Given an array of $N$ elements, $A$, and a number $K$. ($1 \leq K \leq N$) .
Partition the given array into $K$ subsets (they must cover all the elements but can be noncontiguous too). The maximum subset sum achievable out of $K$ partitions formed, must be the minimum possible.
Find that possible subset sum.
For example $A = [11, 11, 5, 10, 5]$ and $K = 2$ the partitioning that satisfies the problem will be $\{\{11, 5, 5\}, \{11, 10\}\}$ so that the defined maximum sum will be $21$ and it is the minimum of all different K-Partitionings of $A$.
The question came up to my mind when I was solving a similar problem for only K contiguous subarrays which could be easily solved using a binary search over all possible maximum sums of the array($O(\log{\text{SUM}})$).
For example for the same $A$ defined in above maximum sum is at least the maximum number which is $11$ and is at most the total sum of all elements which is $42$.
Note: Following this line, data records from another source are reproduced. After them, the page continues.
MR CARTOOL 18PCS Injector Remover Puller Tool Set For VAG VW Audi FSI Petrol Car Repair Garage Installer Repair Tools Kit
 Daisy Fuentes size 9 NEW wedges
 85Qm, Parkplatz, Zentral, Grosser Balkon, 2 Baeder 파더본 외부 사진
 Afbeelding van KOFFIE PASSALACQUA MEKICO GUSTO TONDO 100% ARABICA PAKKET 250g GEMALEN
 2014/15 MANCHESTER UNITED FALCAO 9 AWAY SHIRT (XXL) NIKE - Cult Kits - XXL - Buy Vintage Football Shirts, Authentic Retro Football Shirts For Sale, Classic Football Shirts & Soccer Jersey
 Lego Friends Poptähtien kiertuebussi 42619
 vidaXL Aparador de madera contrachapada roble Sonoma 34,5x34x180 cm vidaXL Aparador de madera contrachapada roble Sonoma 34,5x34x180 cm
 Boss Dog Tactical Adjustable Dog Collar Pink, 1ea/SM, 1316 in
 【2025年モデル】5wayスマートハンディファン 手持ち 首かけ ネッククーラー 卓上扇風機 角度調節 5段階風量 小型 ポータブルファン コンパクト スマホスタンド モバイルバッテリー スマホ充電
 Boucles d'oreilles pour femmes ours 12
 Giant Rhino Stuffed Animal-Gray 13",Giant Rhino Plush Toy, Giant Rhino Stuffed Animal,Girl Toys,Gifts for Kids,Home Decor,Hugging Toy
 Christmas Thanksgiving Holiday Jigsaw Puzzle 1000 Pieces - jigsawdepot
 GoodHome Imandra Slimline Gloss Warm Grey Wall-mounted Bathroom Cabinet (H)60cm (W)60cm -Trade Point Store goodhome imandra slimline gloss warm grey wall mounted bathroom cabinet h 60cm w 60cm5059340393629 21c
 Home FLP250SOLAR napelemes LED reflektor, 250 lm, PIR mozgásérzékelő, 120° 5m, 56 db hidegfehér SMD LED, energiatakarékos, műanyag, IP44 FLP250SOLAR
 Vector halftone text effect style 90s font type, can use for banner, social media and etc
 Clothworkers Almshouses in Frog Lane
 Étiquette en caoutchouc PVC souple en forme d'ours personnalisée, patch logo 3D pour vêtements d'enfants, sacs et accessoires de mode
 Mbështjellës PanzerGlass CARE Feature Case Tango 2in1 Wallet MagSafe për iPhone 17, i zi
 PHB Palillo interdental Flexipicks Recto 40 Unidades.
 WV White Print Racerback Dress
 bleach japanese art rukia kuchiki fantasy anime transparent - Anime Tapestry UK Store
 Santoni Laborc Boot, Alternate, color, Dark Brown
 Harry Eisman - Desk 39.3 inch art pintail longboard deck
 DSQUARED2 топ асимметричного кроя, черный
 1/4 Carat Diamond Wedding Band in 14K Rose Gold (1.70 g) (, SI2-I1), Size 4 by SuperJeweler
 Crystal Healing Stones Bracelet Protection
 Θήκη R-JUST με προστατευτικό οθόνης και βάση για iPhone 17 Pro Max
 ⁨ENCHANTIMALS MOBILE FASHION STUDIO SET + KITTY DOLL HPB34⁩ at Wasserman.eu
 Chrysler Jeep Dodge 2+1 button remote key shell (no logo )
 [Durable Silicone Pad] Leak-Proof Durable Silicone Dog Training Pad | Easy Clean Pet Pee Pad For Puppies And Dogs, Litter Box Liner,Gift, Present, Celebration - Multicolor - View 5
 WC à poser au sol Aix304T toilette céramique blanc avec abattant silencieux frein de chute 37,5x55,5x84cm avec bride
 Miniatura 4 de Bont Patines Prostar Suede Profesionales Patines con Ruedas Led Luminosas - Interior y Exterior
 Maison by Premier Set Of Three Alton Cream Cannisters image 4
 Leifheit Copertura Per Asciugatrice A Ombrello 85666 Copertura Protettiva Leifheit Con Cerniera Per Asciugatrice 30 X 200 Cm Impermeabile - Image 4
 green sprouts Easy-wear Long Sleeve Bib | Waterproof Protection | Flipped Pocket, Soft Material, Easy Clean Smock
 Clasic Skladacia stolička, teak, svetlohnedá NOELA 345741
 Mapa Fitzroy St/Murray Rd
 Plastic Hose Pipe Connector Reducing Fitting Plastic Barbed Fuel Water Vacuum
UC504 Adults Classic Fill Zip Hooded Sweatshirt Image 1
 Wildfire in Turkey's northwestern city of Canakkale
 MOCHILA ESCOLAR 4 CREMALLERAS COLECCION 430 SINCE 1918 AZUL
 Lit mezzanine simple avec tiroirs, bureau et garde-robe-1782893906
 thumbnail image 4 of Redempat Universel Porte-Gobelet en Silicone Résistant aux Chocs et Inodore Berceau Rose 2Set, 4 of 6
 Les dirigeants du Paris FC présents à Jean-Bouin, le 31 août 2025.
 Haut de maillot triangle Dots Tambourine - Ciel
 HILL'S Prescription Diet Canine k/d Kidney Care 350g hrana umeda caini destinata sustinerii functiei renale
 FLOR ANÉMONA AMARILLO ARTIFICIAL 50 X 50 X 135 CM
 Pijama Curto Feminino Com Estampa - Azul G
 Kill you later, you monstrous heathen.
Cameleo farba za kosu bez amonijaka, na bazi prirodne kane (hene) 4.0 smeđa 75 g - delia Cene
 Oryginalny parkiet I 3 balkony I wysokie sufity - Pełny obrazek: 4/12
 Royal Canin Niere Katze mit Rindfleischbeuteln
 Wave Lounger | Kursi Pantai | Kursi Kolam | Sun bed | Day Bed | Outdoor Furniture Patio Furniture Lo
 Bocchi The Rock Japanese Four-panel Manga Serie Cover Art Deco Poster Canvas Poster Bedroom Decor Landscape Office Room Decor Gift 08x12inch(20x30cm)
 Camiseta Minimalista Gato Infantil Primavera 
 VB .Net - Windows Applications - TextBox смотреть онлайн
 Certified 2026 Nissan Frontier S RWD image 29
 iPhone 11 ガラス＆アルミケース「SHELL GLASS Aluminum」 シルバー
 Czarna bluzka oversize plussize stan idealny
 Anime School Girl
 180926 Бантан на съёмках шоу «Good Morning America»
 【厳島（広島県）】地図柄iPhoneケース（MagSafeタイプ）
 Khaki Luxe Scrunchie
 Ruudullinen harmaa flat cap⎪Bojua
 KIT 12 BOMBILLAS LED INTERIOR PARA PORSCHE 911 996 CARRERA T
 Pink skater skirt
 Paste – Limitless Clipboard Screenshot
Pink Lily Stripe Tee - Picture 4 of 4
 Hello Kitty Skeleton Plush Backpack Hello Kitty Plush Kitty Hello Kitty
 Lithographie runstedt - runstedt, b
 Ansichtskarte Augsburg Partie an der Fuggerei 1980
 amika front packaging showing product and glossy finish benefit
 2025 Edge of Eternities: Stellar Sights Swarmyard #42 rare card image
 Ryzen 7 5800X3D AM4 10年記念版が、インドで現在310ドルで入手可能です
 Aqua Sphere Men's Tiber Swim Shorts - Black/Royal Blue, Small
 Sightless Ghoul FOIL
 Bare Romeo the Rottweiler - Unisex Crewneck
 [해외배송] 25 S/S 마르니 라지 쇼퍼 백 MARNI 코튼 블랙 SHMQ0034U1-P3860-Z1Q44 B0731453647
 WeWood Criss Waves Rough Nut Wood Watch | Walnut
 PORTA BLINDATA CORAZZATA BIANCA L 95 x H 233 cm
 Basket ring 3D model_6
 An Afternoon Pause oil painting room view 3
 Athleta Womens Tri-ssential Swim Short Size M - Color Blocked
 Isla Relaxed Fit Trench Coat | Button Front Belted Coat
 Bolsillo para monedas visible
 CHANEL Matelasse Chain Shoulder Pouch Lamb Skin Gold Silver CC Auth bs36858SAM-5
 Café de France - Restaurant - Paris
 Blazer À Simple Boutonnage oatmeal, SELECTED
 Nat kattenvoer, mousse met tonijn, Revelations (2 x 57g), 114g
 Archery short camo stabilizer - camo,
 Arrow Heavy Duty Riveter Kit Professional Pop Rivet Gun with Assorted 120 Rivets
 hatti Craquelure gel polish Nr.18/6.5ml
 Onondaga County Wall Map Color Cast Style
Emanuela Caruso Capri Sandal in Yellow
Then in each step of binary search we check whether it is possible to split $A$ into at most $K$ contiguous subarrays or not so that the maximum sum over all subarrays will be at most the mid point of binary search step(needs one loop over $A$ then $O(n)$). If yes we recurse on the left side, otherwise we recurse on the right side.
in overall the algorithm will have a $O(n\log{\text{SUM}})$ time complexity.
But I can't find a way to generalize the checking process in every step of the binary search so that it checks whether for a specific maximum sum like $s^{*}$ is it possible to partition $A$ with at most $K$ subsets so that the maximum sum over all subsets will be at most $s^{*}$ with a good time complexity.
I should also mention that the above motivation is not necessarily the only way accepted to solve this problem and every other idea will be appreciated.